Бывали моменты, когда я действительно видела свою маму как человека, совершенно отдельного от меня. Я наблюдала, как она клала цветок в буддистском вате в Лаосе и долго смотрела на огонь горящей свечи, пребывая в мыслях о своем. Как она внимательно рассматривала документы на рабочем столе в кабинете, куда меня провели на долгожданную экскурсию в детстве.
Я поражаюсь силе этих моментов и одновременно их редкости. Их так мало. Даже спустя почти 25 лет, что я её знаю, мне кажется, я всё ещё не могу полностью её увидеть. Я слишком близко. Это как если бы я стояла слишком близко к огромной абстрактной картине в музее — картине, от которой я без ума. Если бы только я могла отступить и рассмотреть её целиком. А я застряла, изучая каждый дюйм по отдельности.

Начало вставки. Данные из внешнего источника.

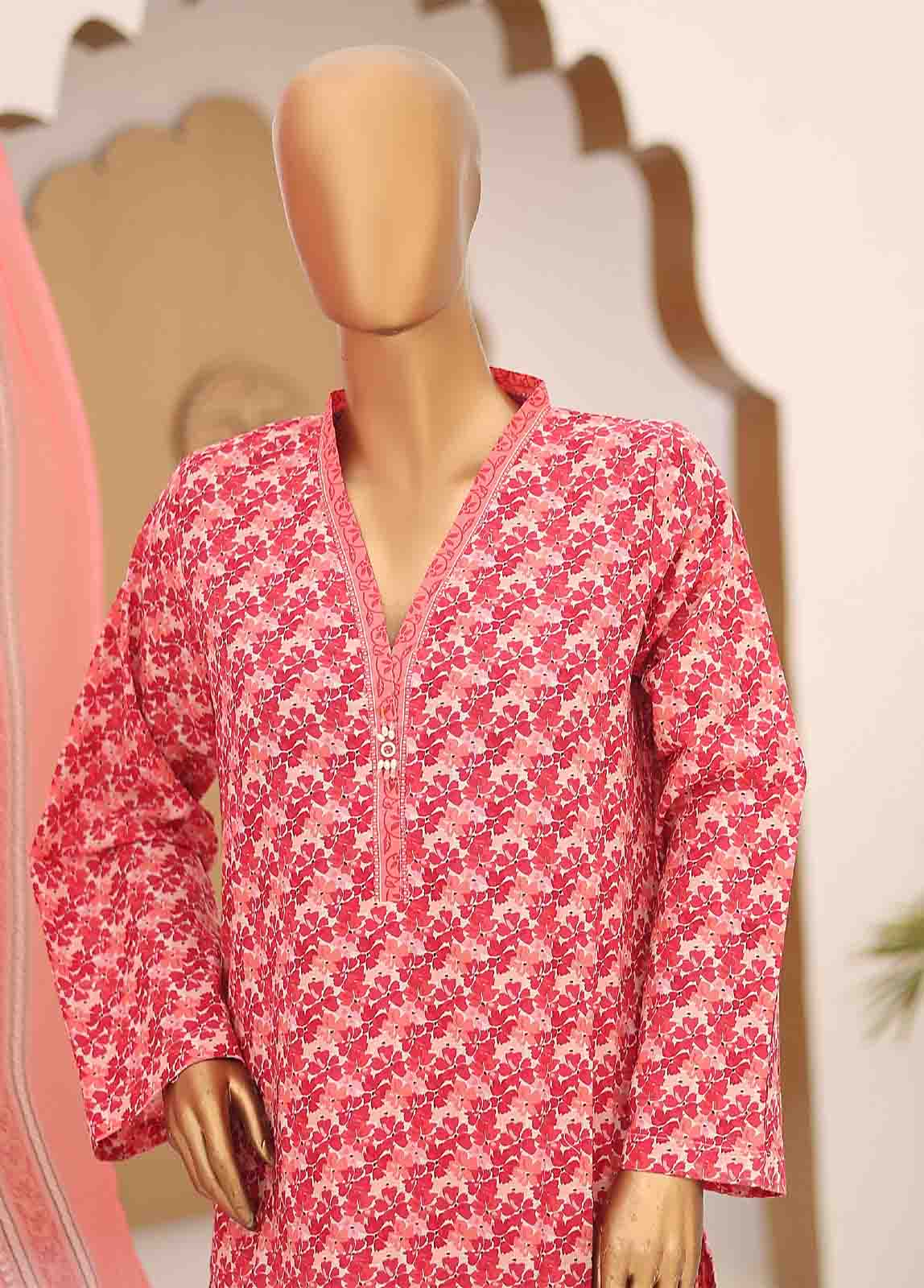 SMCD-078- 3 Piece Printed Cotton Suit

Если бы только я могла увидеть маму такой, какая она есть, а не как предсказание гадалки о том, кем я могу стать. Не как святую, которую нужно обожать. Не как рану, которую нужно залечить. Всё это так запутанно, так смешано. Я уже достаточно взрослая, чтобы понять: всё это гораздо больше связано со мной, чем с ней.
И я думаю: может ли ребёнок — особенно дочь — когда-нибудь признать реальную внутреннюю жизнь своей мамы?

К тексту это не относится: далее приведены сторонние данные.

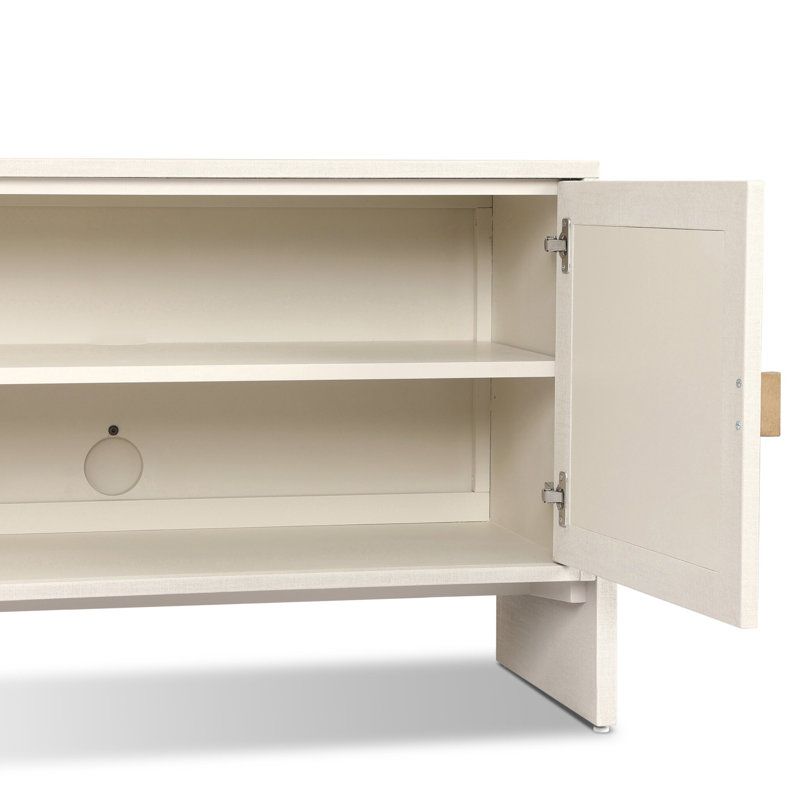 Cressida Media Console-Ivory Painted Linen, Ivory Painted Linen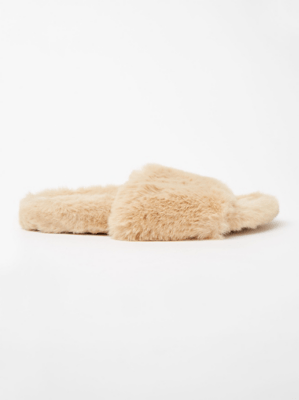 Camel Faux Fur Slider Slippers Women at ASDA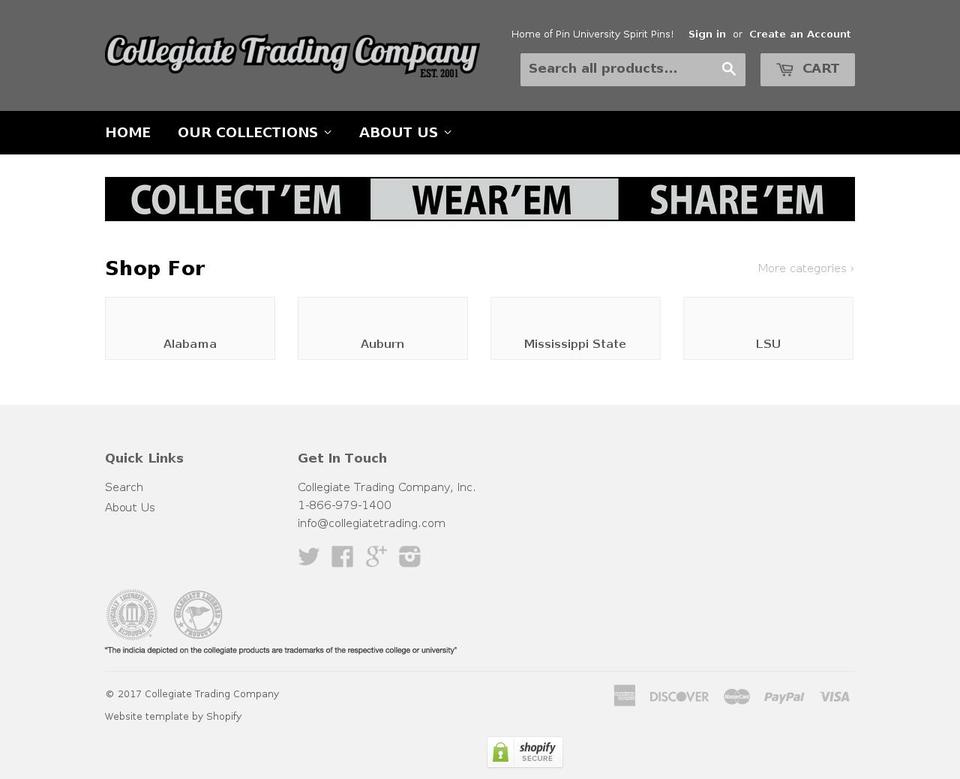 collegiatetrading.com shopify website screenshot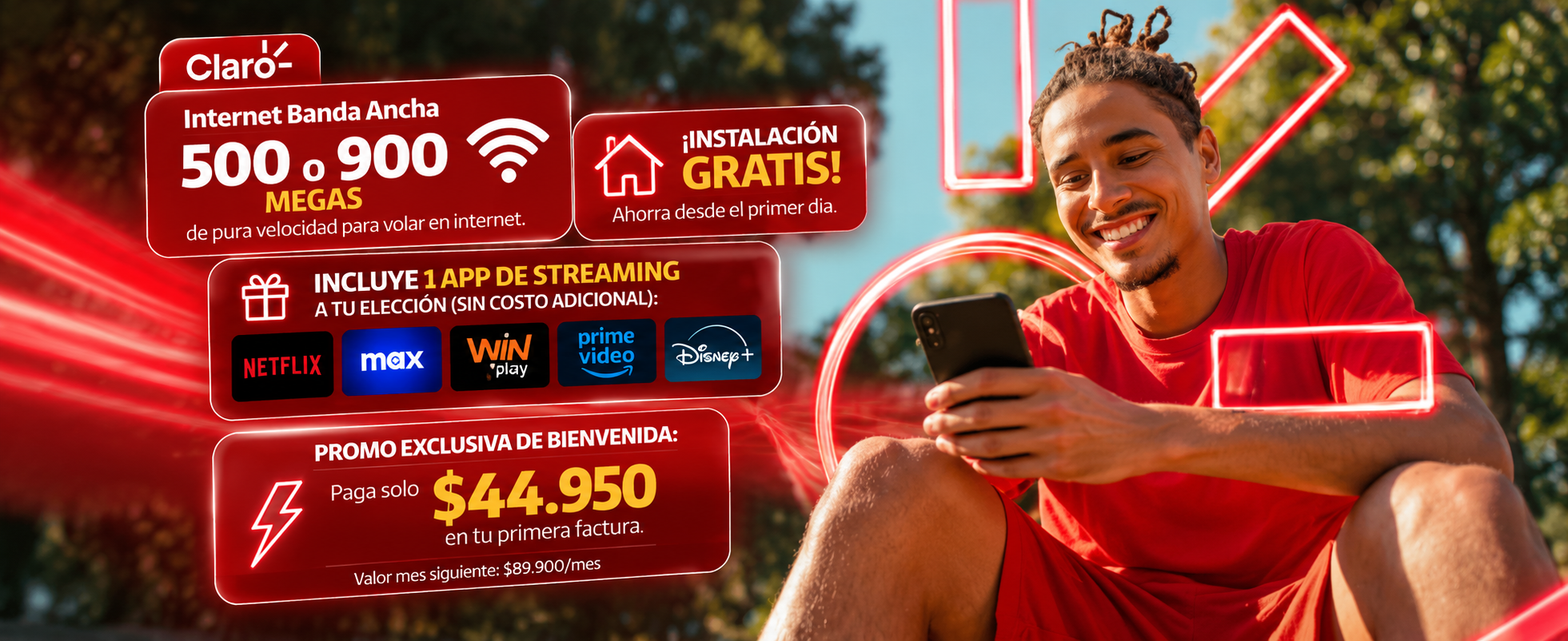 Campaña Claro Hogar sobre internet de 500 o 900 megas y entretenimiento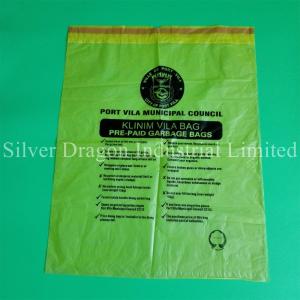 China Large drawstring HDPE garbage bags, size 66x85cm, Professional manufacturer, high quality, low price on sale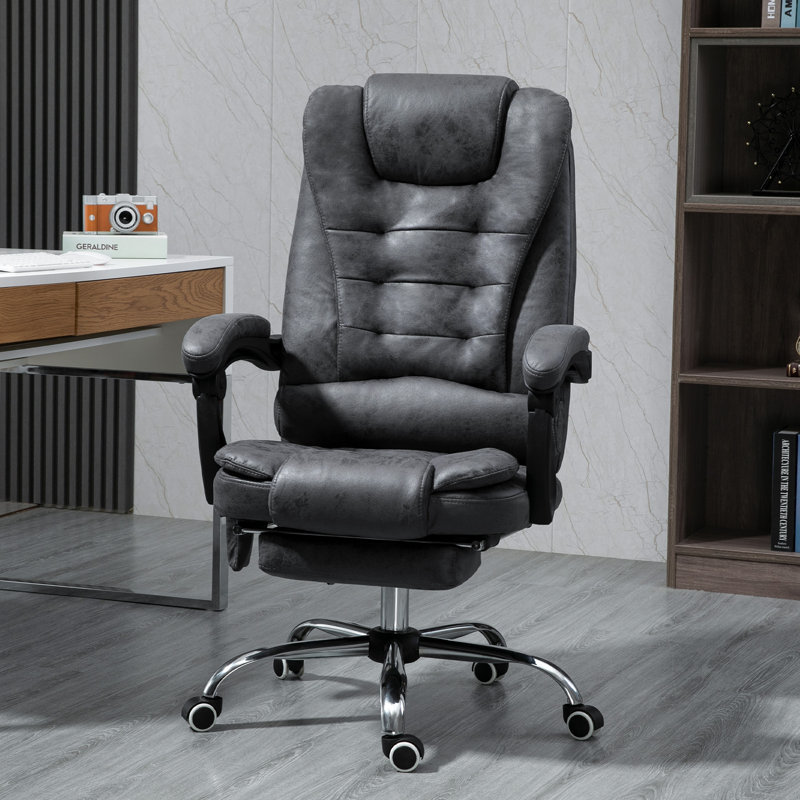 Barkett Upholstered Executive Chair with Massage Feature, Dark Grey, Microfiber / Microsuede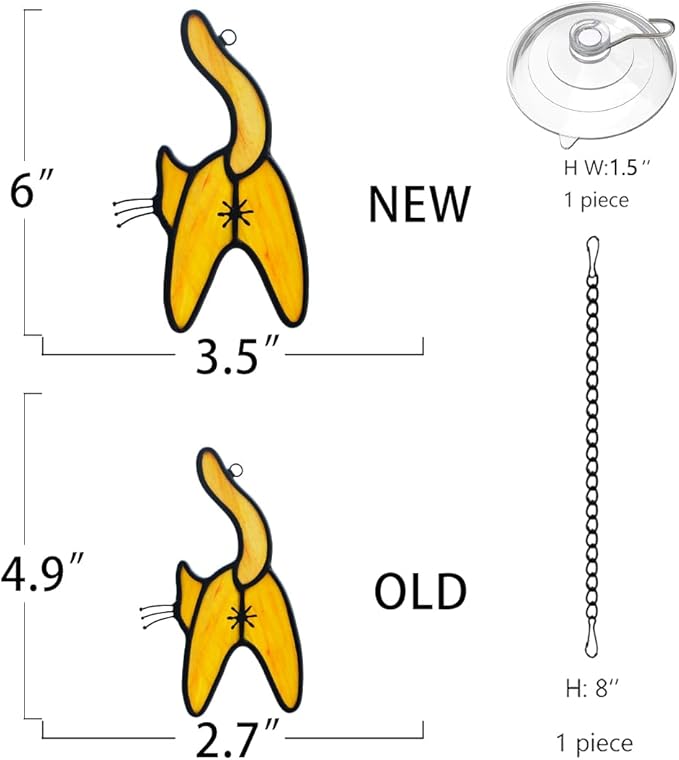 Orange Cat Stained Glass Suncatcher for Window,Funny Cute Cat Decor Stained Glass Window Hanging,Cat Gifts for Cat Lovers,Cat Themed Gifts for Women Friends Girl Kids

Это важный вопрос, потому что я думаю о своей судьбе как мамы дочери. Когда-нибудь она столкнется с тем же? Ей вообще будет интересно, кто я? Сможет ли они посмотреть на меня со стороны и действительно увидеть? И имеет ли это значение?
Иногда я сама себя не вижу ясно. Бывает, я лежу в темноте, кормлю дочку и внезапно осознаю, что я её мама. Что я уже почти год как мама. «Я чья-то мама», — повторяю я в голове. Это звучит нелепо, даже несмотря на то, что я уже привыкла быть вся в молоке, грязных подгузниках и отрыжке.
Даже несмотря на то, что я научилась понимать, какие крики — это последний протест перед необходимым сном, а какие можно успокоить только моим прикосновением.
У меня появилось столько тонкого знания о том, как сохранять жизнь маленькому человеку, которого у меня никогда не было. Моё тело изменилось — за беременность, но также и после неё. Я обрела впечатляющие бицепсы, поднимая 10-килограммового ребенка вверх и вниз по лестнице. Но я до сих пор не успеваю догнать мысль, что я — мама, что я заслужила этот священный статус.
Забавно, но я не могу до конца видеть себя как маму и не могу до конца видеть свою маму кем-то ещё.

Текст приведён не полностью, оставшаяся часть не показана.